LAST_XLOG_RECEIVE=$( psql_get "SELECT $pg_last_wal_receive_lsn" )
debug "Last xlog file receive: $LAST_XLOG_RECEIVE"
LAST_XLOG_REPLAY=$( psql_get "SELECT $pg_last_wal_replay_lsn" )
debug "Last xlog file replay: $LAST_XLOG_REPLAY"
# Get local current last received/replayed LSN
LAST_RECEIVED_LSN=$( psql_get "SELECT $pg_last_wal_receive_lsn" )
debug "Last received LSN: $LAST_RECEIVED_LSN"
LAST_REPLAYED_LSN=$( psql_get "SELECT $pg_last_wal_replay_lsn" )
debug "Last replayed LSN: $LAST_REPLAYED_LSN"

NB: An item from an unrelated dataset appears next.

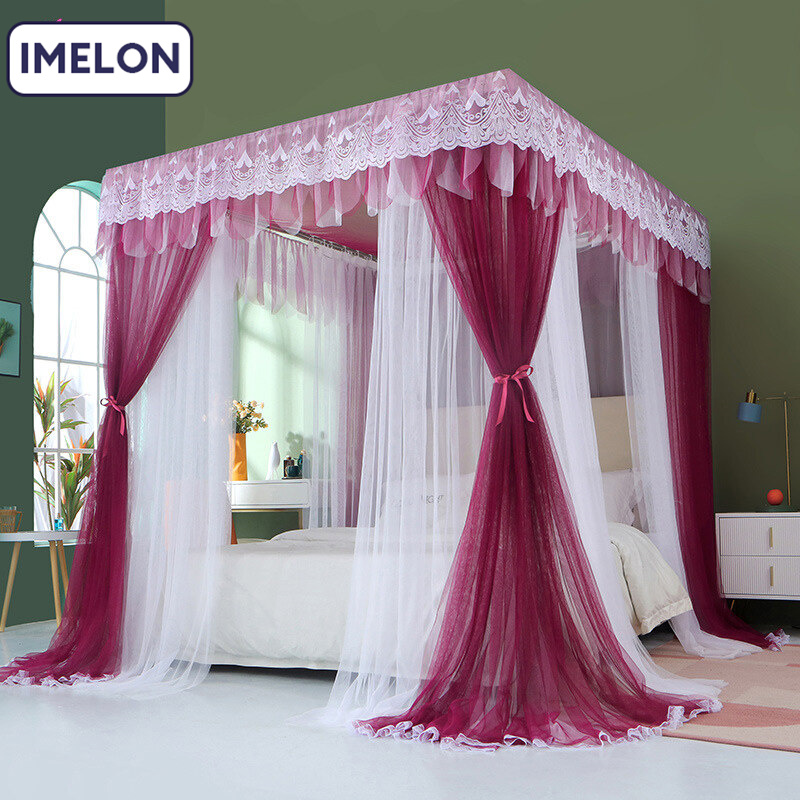 IMELON quả tặng miễn phí TOÀN CỬA HÀNG Màn chống muỗi màn che, chống muỗi, thoáng khí không ngột ngạt, màn chống muỗi hai tầng hai cột, phong cách công chúa sang trọng, rèm giường chống muỗi kiểu công chúa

# Get master connection informations from recovery.conf file
@ -318,14 +319,14 @@ then
debug "Master application name: $M_APP_NAME"
fi
# Get current state information from master
M_CUR_REPL_STATE_INFO="$( psql_master_get "SELECT state, sync_state FROM pg_stat_replication WHERE application_name='$M_APP_NAME';" )"

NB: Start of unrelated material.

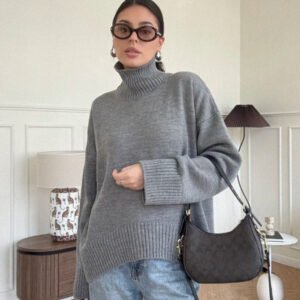 Women's High Neck Knit Sweater – Relaxed Fit Long Sleeve Pullover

# Get current replication state information from master
M_CUR_REPL_STATE_INFO="$( psql_master_get "SELECT state, sync_state, $sent_lsn AS sent_lsn, $write_lsn AS write_lsn FROM pg_stat_replication WHERE application_name='$M_APP_NAME';" )"
if [ ! -n "$M_CUR_REPL_STATE_INFO" ]
then
echo "UNKNOWN: Can't retreive current replication state information from master server"
exit 3
fi
debug "Master current replication state:\n\tstate|sync_state\n\t$M_CUR_REPL_STATE_INFO"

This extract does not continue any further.